• What is required
For the data that follows, return each line unchanged and drop the pictures.

*** Opening of Entries provided ***

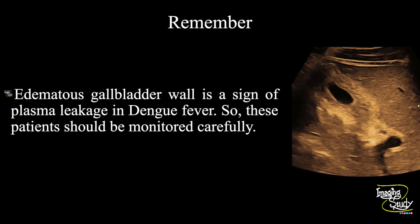The take-home message: in dengue fever, if you see an edematous gallbladder wall, it is counted as a sign of plasma leakage. Please be very careful with these patients during management, because the patient may deteriorate at any time to dengue shock syndrome.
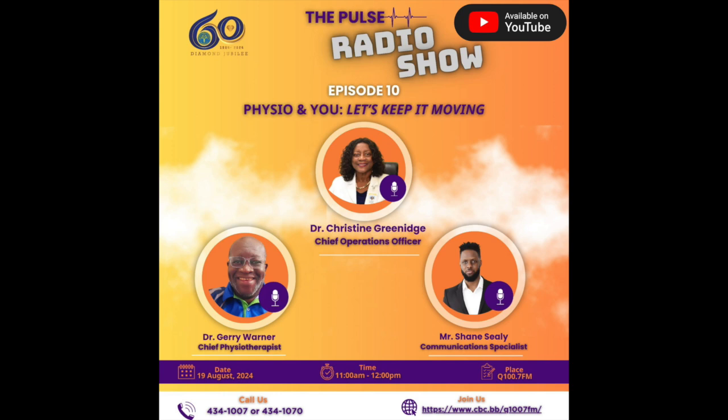Let me welcome in our Chief Operations Officer, Dr. Christine Greenidge. Good morning, Dr. Greenidge. I know you've been very busy this morning. I also know that physiotherapy and the work done in that department is very important to you on a personal level — you know how it can help rehabilitate people after a fall. Can you talk about how important physiotherapy is in getting Barbadians and our patients back on their feet?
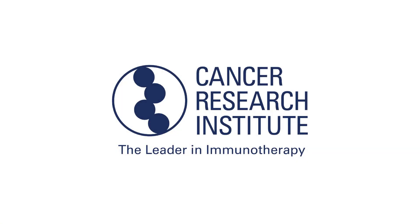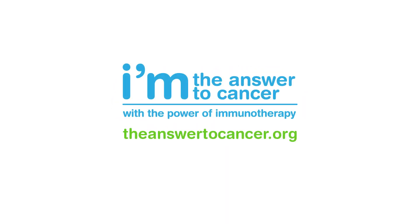Created by the Cancer Research Institute, the leader in immunotherapy. To learn more about immunotherapy and about clinical trials, visit our community for patients and caregivers at theanswertocancer.org.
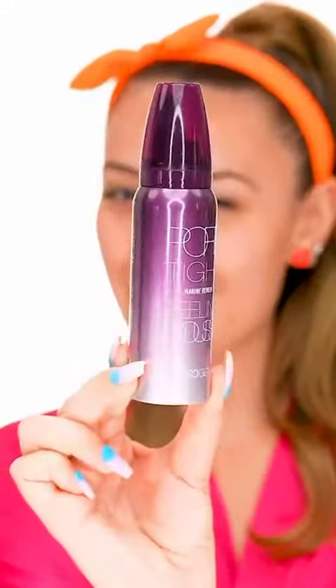And lastly, you need to try Neogen's Pore-Tite Peeling Mousse. This is so cool! It's a foam that absorbs and removes dead skin cells.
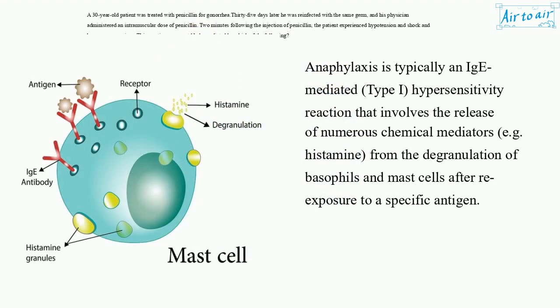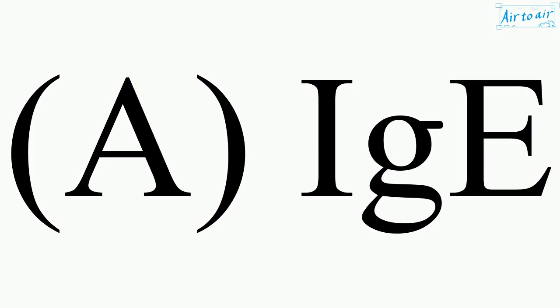Anaphylaxis is typically an IgE-mediated Type I hypersensitivity reaction that involves the release of numerous chemical mediators, e.g. histamine, from the degranulation of basophils and mast cells after re-exposure to a specific antigen. The answer is A. IgE.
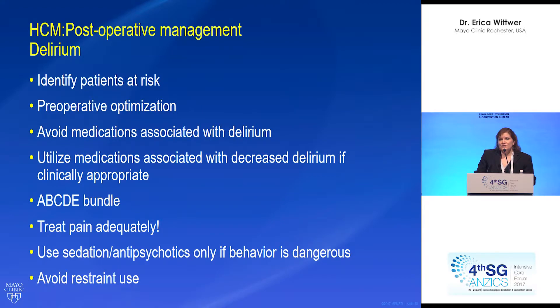We need to identify patients at risk, do pre-op optimization if possible, adjust medications, and avoid medications associated with delirium. Utilize ketamine or dexmedetomidine if clinically appropriate, and use the ABCDE bundle. Very importantly, treat pain adequately — we're often tempted not to because we don't want to worsen delirium with analgesic medications, but that is not the right thing to do. Only use sedating agents if the patient is a danger to themselves, and avoid the use of restraints if at all possible.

*** Close of Entries provided ***

• Your solution
The take-home message: in dengue fever, if you see an edematous gallbladder wall, it is counted as a sign of plasma leakage. Please be very careful with these patients during management, because the patient may deteriorate at any time to dengue shock syndrome.
Let me welcome in our Chief Operations Officer, Dr. Christine Greenidge. Good morning, Dr. Greenidge. I know you've been very busy this morning. I also know that physiotherapy and the work done in that department is very important to you on a personal level — you know how it can help rehabilitate people after a fall. Can you talk about how important physiotherapy is in getting Barbadians and our patients back on their feet?
Created by the Cancer Research Institute, the leader in immunotherapy. To learn more about immunotherapy and about clinical trials, visit our community for patients and caregivers at theanswertocancer.org.
And lastly, you need to try Neogen's Pore-Tite Peeling Mousse. This is so cool! It's a foam that absorbs and removes dead skin cells.
Anaphylaxis is typically an IgE-mediated Type I hypersensitivity reaction that involves the release of numerous chemical mediators, e.g. histamine, from the degranulation of basophils and mast cells after re-exposure to a specific antigen. The answer is A. IgE.
We need to identify patients at risk, do pre-op optimization if possible, adjust medications, and avoid medications associated with delirium. Utilize ketamine or dexmedetomidine if clinically appropriate, and use the ABCDE bundle. Very importantly, treat pain adequately — we're often tempted not to because we don't want to worsen delirium with analgesic medications, but that is not the right thing to do. Only use sedating agents if the patient is a danger to themselves, and avoid the use of restraints if at all possible.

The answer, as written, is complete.